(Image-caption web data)
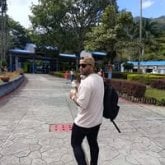 Busco pareja. Busco mujeres para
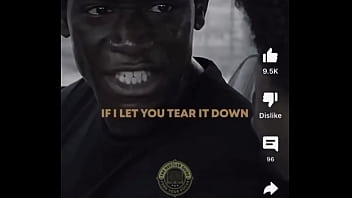 Random you can put me on with the girls you fuck big bro i’m tryna get in this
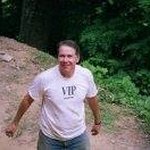 Stephen K. Perrine - @perrine.stephen - Instagram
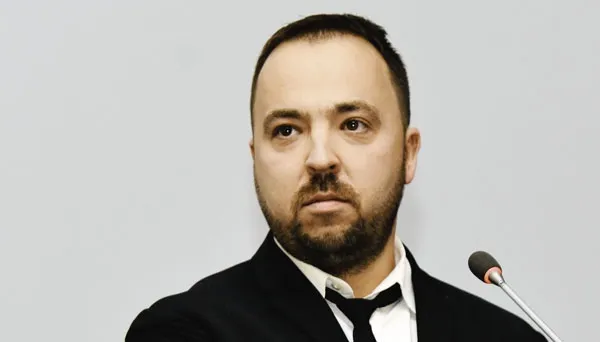 Производительность на калибровке кадров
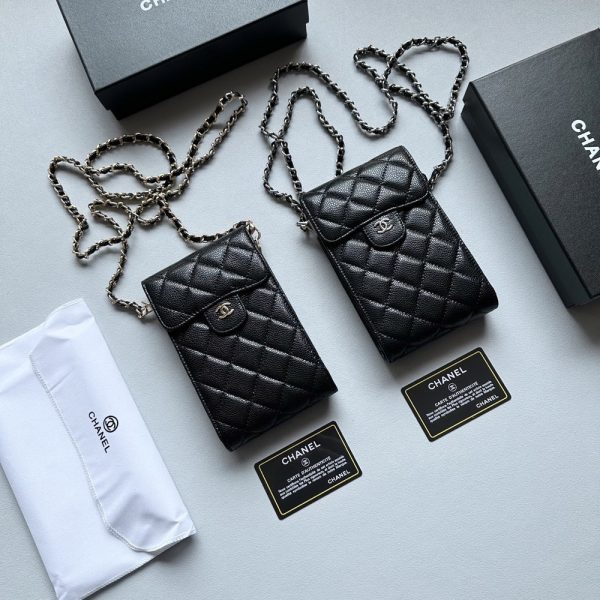 New Fashion Bag C4029 TEN New Fashion Bag C4029 TEN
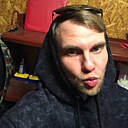 Владислав, 30 лет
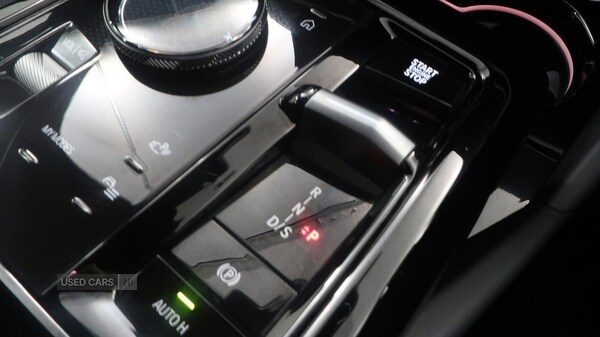 Used BMW 5 Series 2025 for sale - 76754022: Photo 30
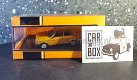 VW Derby LS 1977 oranje 1:43 Ixo V756 - 4 - Thumbnail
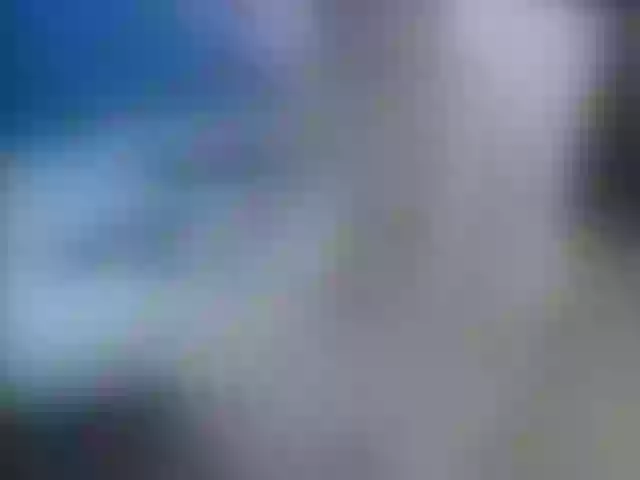 Live sex webcam photo for Susana-Sky #271539901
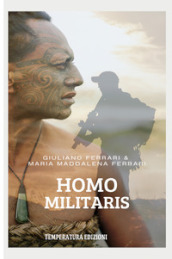 Homo militaris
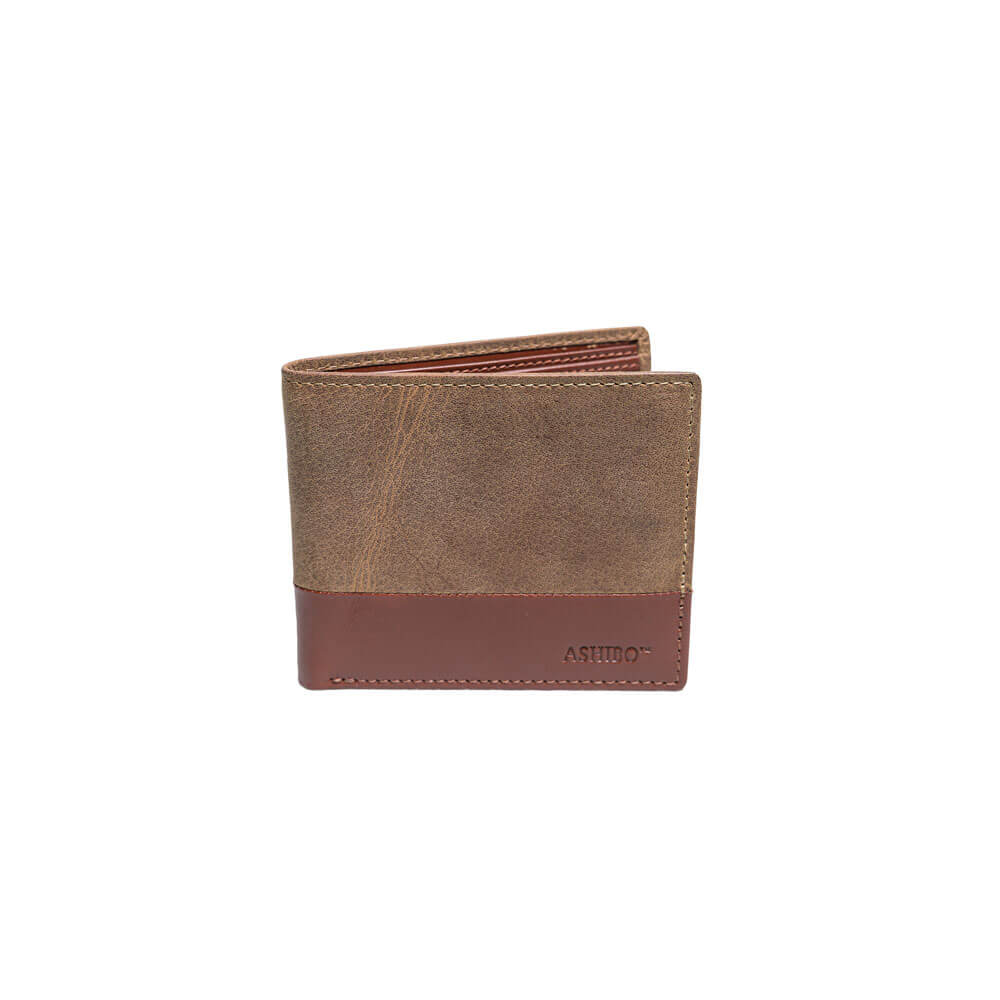 MW-18 Bags for men by y-not India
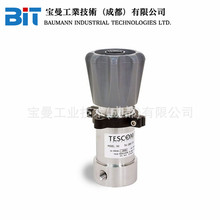 TESCOM������Ĭ��50-4000ϵ��HPU���׾��ڜp���y���ü��ɵ���ͨ�y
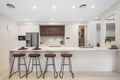 Property photo of 13 Murruba Place Jerrabomberra NSW 2619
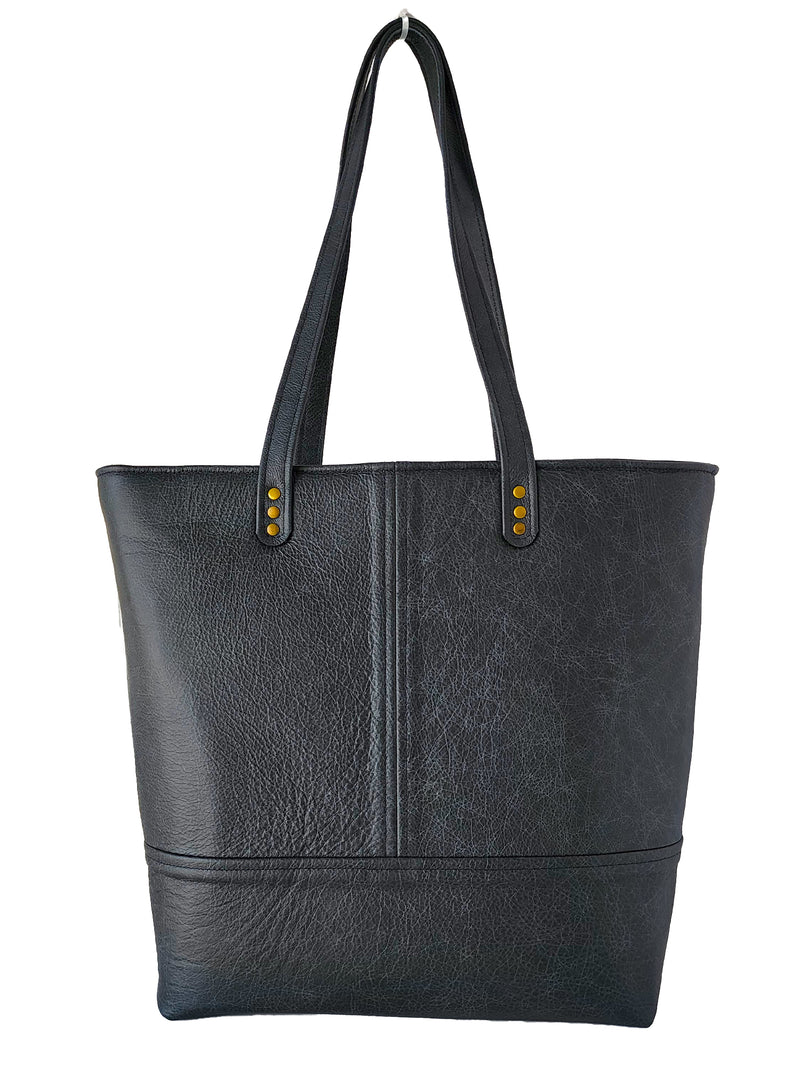 Tina Tall Tote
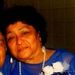 Cristina Ruiz Loredo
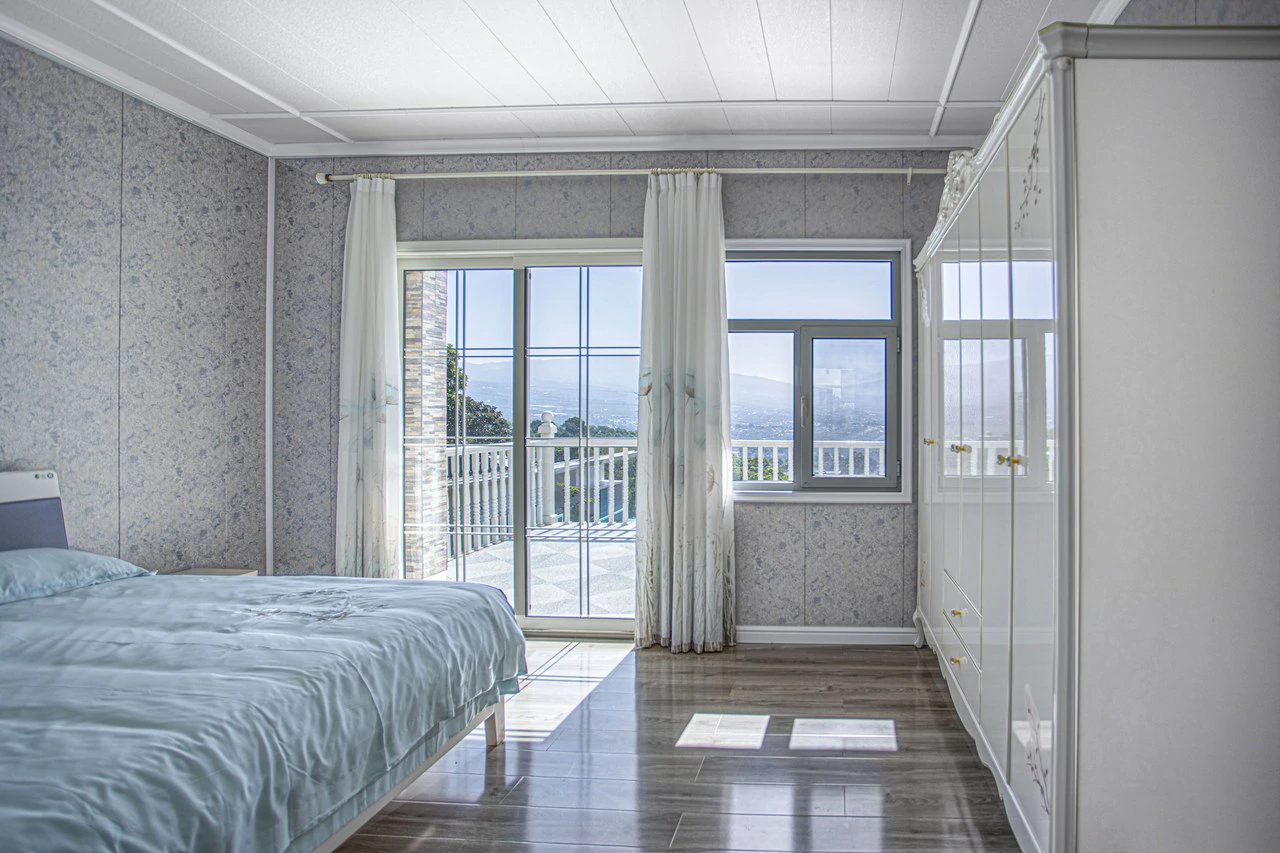 Mountain House For Sale in Rosario - Gallery image 9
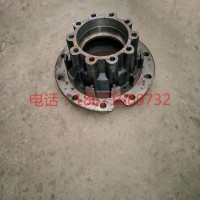 货车后轮毂3104015-ZK05A/3104015-ZK05A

● Work task:
The range to copy runs from the line with "Cristina Ruiz Loredo" to the last line of the entries, both included; copy it exactly and leave out the pictures.

● Finished task:
 Cristina Ruiz Loredo
 Mountain House For Sale in Rosario - Gallery image 9
 货车后轮毂3104015-ZK05A/3104015-ZK05A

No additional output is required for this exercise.